Introduction to MUI
Multilingual User Interface (MUI) is a technology for providing localized user interface to international users. MUI deals with user interface resource management in the Windows operating system. It promotes dynamic user interface resource handling to support new capabilities, such as multiple-language user interface and language-neutral base system.
As part of software internationalization technology, MUI supports and simplifies software localization, which is the customization of software to defined locales and languages. A comprehensive discussion of internationalization and localization can be found at Microsoft's Global Development and Computing Portal . This site provides extensive documentation about designing, building, and deploying globalized applications, including the characteristics of different human languages that can affect software design.

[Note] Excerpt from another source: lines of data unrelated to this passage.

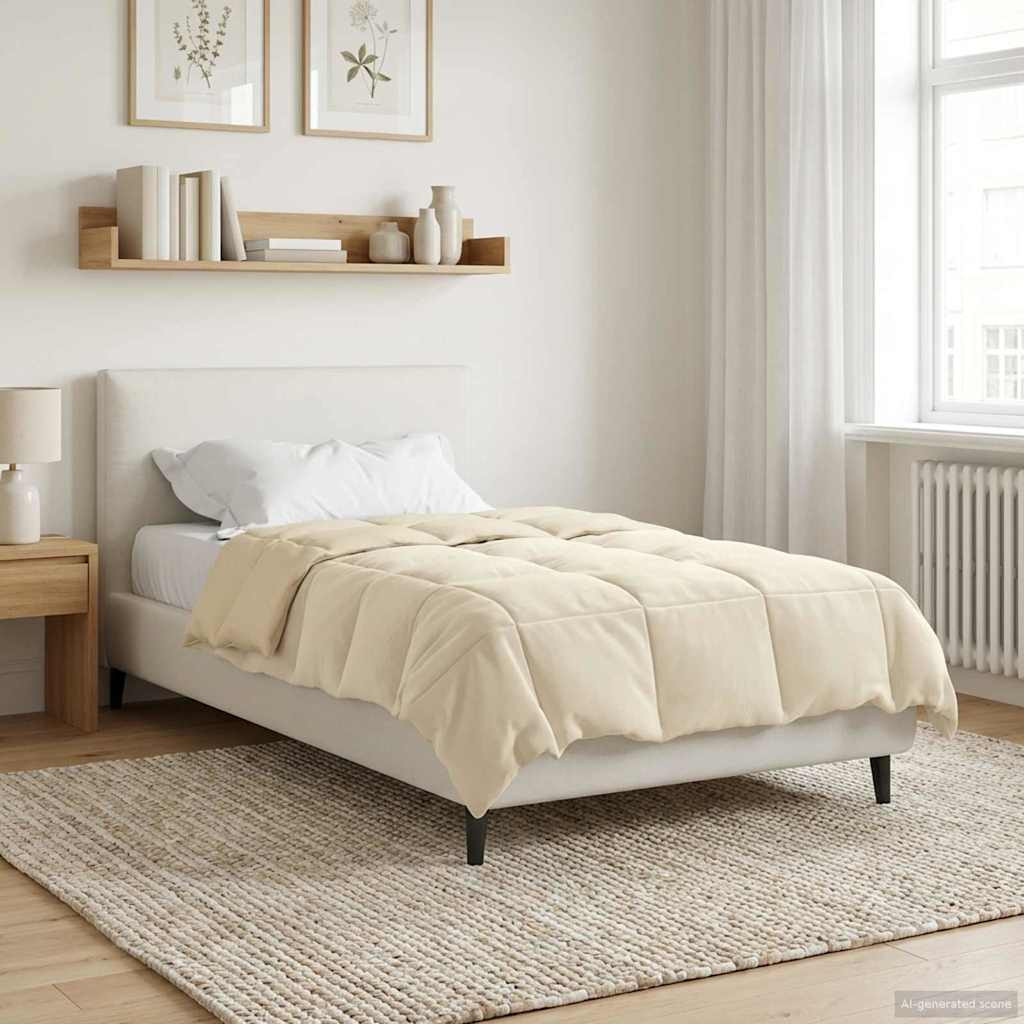 vidaXL Sommerdecke Gepolstert Creme 140 x 200 cm Mikrofaser
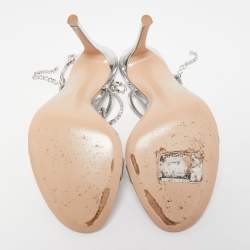 Pre Owned Gianvito Rossi Silver Leather Crystal Embellished Tennis Sandals Size 37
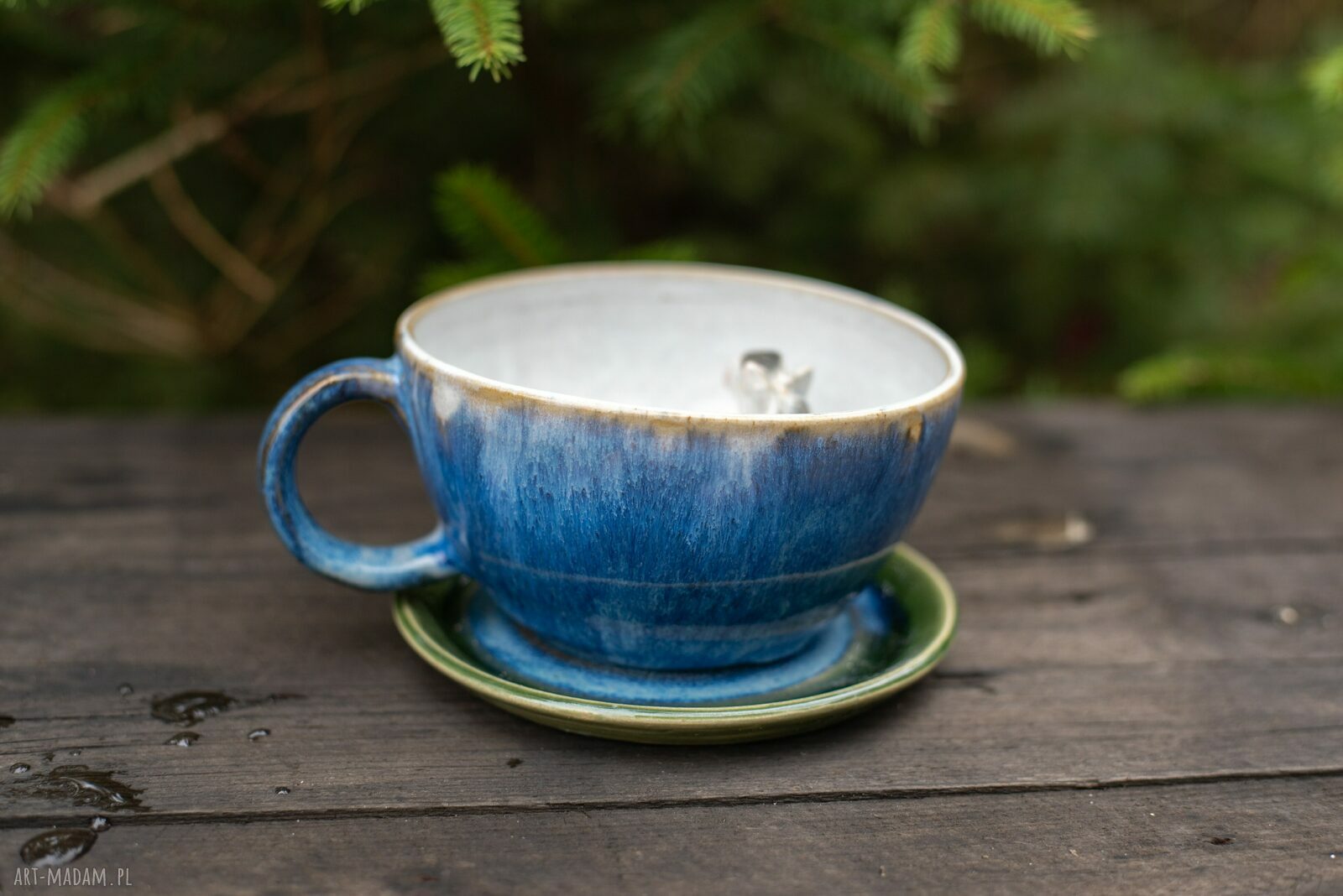 Filiżanka z Koniem Niebieska do Kawy Kamionka 350 ml - Ceramika ღ art ...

MUI allows large corporations and OEMs to roll out, support, and maintain the same worldwide image with a single installation. Other benefits of MUI are that users of different languages can share the same workstation, and roaming users can move their localized user interface from one workstation to another. For instance, one user might choose to see system menus, dialog boxes, and other text in Japanese, while another user logging onto the same operating system might prefer to see the corresponding text in Danish.
Windows MUI Operating System
For operating systems and servers prior to Windows Vista, each single-language user interface version is localized for a specific language. Versions of the same Windows operating system localized for different languages differ from one another in the language reflected in the resource sections of executable files.
Starting with Windows 2000, Microsoft introduced the MUI technology and the Windows MUI Pack. Installed on top of an English-language Windows operating system, the MUI pack implements the MUI technology and provides an MUI version of the operating system. The MUI operating system version allows users to set the user interface language according to their preferences, provided that resources for the required languages have been added to the operating system.
Beginning with Windows Vista, all Windows operating system versions are enhanced with the latest MUI technology. Even if an operating system has only single-language localization support, the MUI technology is still working to provide user interface localization. As long as licensing allows, an MUI pack can be added on top of any language system of Windows Vista.
Support for MUI Technology
The heart of the MUI operating system is the MUI technology, which deals with user interface elements, such as menus, dialogs, help strings, and other items, represented as resources. The user interface language becomes one of the settings for an application. This setting determines the application user interface elements that are loaded and displayed to the user. If an application has user interface resources installed for more than one language, the user can set the application to run under any of these languages. For more information, see User Interface Language Management.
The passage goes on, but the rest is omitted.